Co-Chair Therriault pointed out that the intent was to keep
"one" overall marketing effort. The members of the
qualified trade association would participate in a yearly
contract. The Department and the Legislature would evaluate
the success of that effort. He believed that the proposed
system contained enough checks and balances. A conversion
study would be moved to the Division of Tourism, to
determine if the contractor was having the desired effect in
maintaining inquiries.
Representative Austerman asked what the relationship would
be between the Division of Tourism and the Council. Co-
Chair Therriault commented that the Division would no longer
be handling the marketing. Representative Austerman foresaw
problems with two organizations trying to gather funds from
the membership. Ms. Lindgren shared Representative
Austerman's concern. She acknowledged that to bring that
amount of money to the table would require the industry to
be cohesive and working together. That would give the
Department an "out" if there was a disagreement. If there
is no organization willing to match funds for the program
which the State is proposing, then it would not be a viable
program. The Division will have an important role in
overseeing the contract, planning, advocacy and business
development.
Mr. Dole noted the reason the compromise was added was
because everyone wants to see a vehicle which could address
a future disagreement. Additionally, with the continuation
of State dollars, will provide businesses, two places to use
as a sounding board.
Representative J. Davies asked about the match increase from
30% to 60% in the third year. Ms. Lindgren replied that the
intent was to ratchet up the amount paid by the industry as
quickly. She agreed that it would be a "giant" leap to that
number.
(Tape Change HFC 99 - 79, Side 2).
Ms. Lindgren stressed that members of the Committee must
understand that if the proposed plan should pass accompanied
with a statewide tax, she believed that many of the members
would withdraw their support.
STEVE BEHNKE, EXECUTIVE DIRCTOR, ALASKA WILDERNESS
RECREATION AND TOURISM ASSOCIAITON (AWRTA), JUNEAU, voiced
support of the consolidation effort. AWRTA's main concern
would be to maintain a strong role with the Division of
Tourism to guarantee that the transition will work. He
warned that AWRTA has concern with the rapid levels of
proposed funding cuts to tourism marketing. Mr. Behnke
emphasized that Alaska is competing with tourist travel in
Canada, Australia, and New Zealand. Other countries are now
focusing on the tourist market using the same high points
that Alaska offers, however, those countries are providing
much more money to market it. He informed Committee members
that Alaska is now on a tremendous "down-slide" for
generating tourism.
Mr. Behnke agreed with previous comments made by Ms.

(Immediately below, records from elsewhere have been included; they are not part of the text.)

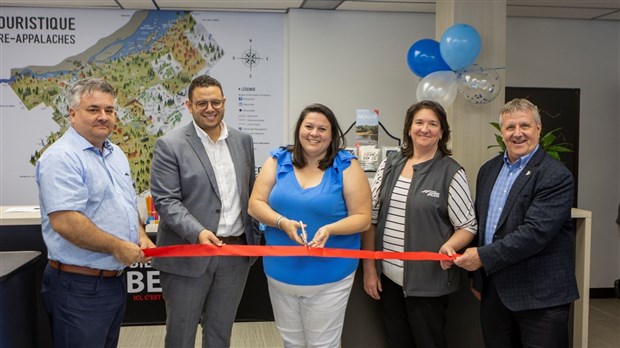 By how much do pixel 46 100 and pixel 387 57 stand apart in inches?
130

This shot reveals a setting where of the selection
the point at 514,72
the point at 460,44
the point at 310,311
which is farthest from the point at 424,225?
the point at 514,72

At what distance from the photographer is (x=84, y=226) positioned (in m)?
2.12

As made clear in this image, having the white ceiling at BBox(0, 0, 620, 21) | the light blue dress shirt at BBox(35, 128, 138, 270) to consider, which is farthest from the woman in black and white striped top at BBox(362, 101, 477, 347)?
the white ceiling at BBox(0, 0, 620, 21)

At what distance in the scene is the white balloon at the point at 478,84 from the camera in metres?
4.14

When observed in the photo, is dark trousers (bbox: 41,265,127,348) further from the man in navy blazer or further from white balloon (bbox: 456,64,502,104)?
white balloon (bbox: 456,64,502,104)

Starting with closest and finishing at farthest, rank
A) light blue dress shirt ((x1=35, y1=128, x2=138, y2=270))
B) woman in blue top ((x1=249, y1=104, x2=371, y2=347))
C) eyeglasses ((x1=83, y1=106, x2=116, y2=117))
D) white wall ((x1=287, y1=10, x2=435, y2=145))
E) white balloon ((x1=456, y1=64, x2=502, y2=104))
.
Answer: light blue dress shirt ((x1=35, y1=128, x2=138, y2=270)) → eyeglasses ((x1=83, y1=106, x2=116, y2=117)) → woman in blue top ((x1=249, y1=104, x2=371, y2=347)) → white balloon ((x1=456, y1=64, x2=502, y2=104)) → white wall ((x1=287, y1=10, x2=435, y2=145))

Lindgren regarding further taxation to the tourist industry.
He stated that it is important for the State's long-term
interest to see that tourism works and is sustainable. He
agreed that the tax issue has not been resolved and that
AWRTA supports the proposed role of AVA.
In response to Co-Chair Therriault, Mr. Behnke noted that
many members of the tourist industry believe that the
industry has been dominated by the larger corporations and
has not worked to the advantage of the small Alaskan
business. Co-Chair Therriault asked if the concerns would
be satisfied with the one business, one vote component. Mr.
Behnke agreed that could work in addition to developing a
contract which represents a full range of interests and
maintaining a strong Division of Tourism.
Representative G. Davis spoke to the comments in opposition
to imposing additional taxes. He pointed out that many
businesses make money in the State because of the natural
beauty of the State, however, the State continues to provide
benefits to make these sights accessible with funding for
the highway systems and State Trooper services.
DUANE EPTON, SMALL BUSINESS OWNER, ANCHORAGE, spoke to the
problems of the small "mom and pop" tourism businesses
throughout the State. He commented that the small
businesses are in support of the proposal in that they will
have an equal say with the one vote, one business inclusion.
The bottom line is that State funding has helped those
businesses stay afloat. He urged that the Committee support
providing the dollars needed to make the new program work.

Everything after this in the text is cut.